The design that I will be creating by configuration code is that below (figure from a previous post).

The Browser client has embedded Javascript code that calls the endpoint of an API Gateway instance. The API Gateway instance calls a AWS Lambda function, that reads, increments, and writes back a counter held in a DynamoDB datatable.


Design Choices

Play it again, Sam

The configuration language I could have used is called AWS CloudFormation, which is the more general purpose configuration language. However, Amazon (and the general AWS Cloud community) heavily push the AWS Serverless Application Model (SAM) option. Configurations in SAM are build into CloudFormation specifications, but are much more concise, and a lot of the "best-practice" work is done for you.

Downsides

One gotcha I encountered in dealing with AWS SAM is that it is much better to do everything through SAM. Performing AWS Cloud operations (like deleting a DynamoDB datatable) in the AWS Console can confuse SAM when it comes time to build the configuration again. The official AWS advice for this case is "re-create every thing you deleted, and try again!".

You do have to become familiar with CloudFormation terminology (as it is SAM terminolgy too). The key concept is a Stack; a set of AWS capabilities that operate, and are linked, to achieve some task.


SAM Configuration Walkthrough

I found that it was best to incrementally learn SAM by creating parts of the processing chain in isolation. First the DynamoDB database table, then the Lambda Function. I won't go through all my interim steps, but just walk through my final result.

Because I am a Windows user, I went very old-school, and have a .bat file to run my builds.
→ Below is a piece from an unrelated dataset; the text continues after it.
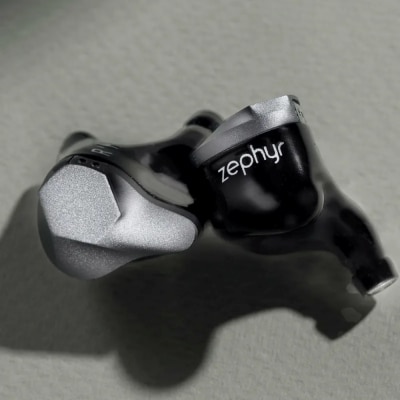 Katori Audio ZEPHYR IEM 入耳式耳機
Excluding the header comments, it looks like:

ECHO ON
ECHO Deleting previous stack
call aws cloudformation delete-stack --stack-name loadcounter01
call aws cloudformation wait stack-delete-complete --stack-name loadcounter01
REM -----------------------------
ECHO ON
ECHO Starting SAM Build
call sam build 
ECHO Starting SAM Deploy
call sam deploy --guided 
ECHO Loading initial data
call aws dynamodb batch-write-item --request-items file://initialloaddata.json

Note that I am hard-coding the name of my stack in this script (loadcounter01).

To walk through each command:

aws cloudformation delete-stack --stack-name loadcounter01

I expect to be running this script repeatably. For this application I am happy to trash whatever state is stored in the database (the API Gateway instance, and the Lambda Function, have no state, by definition). If I was concerned with maintaining my load-count across build, I would have to read the DynamoDB database, store the data, and reload it into the newly re-created database at the end of the script.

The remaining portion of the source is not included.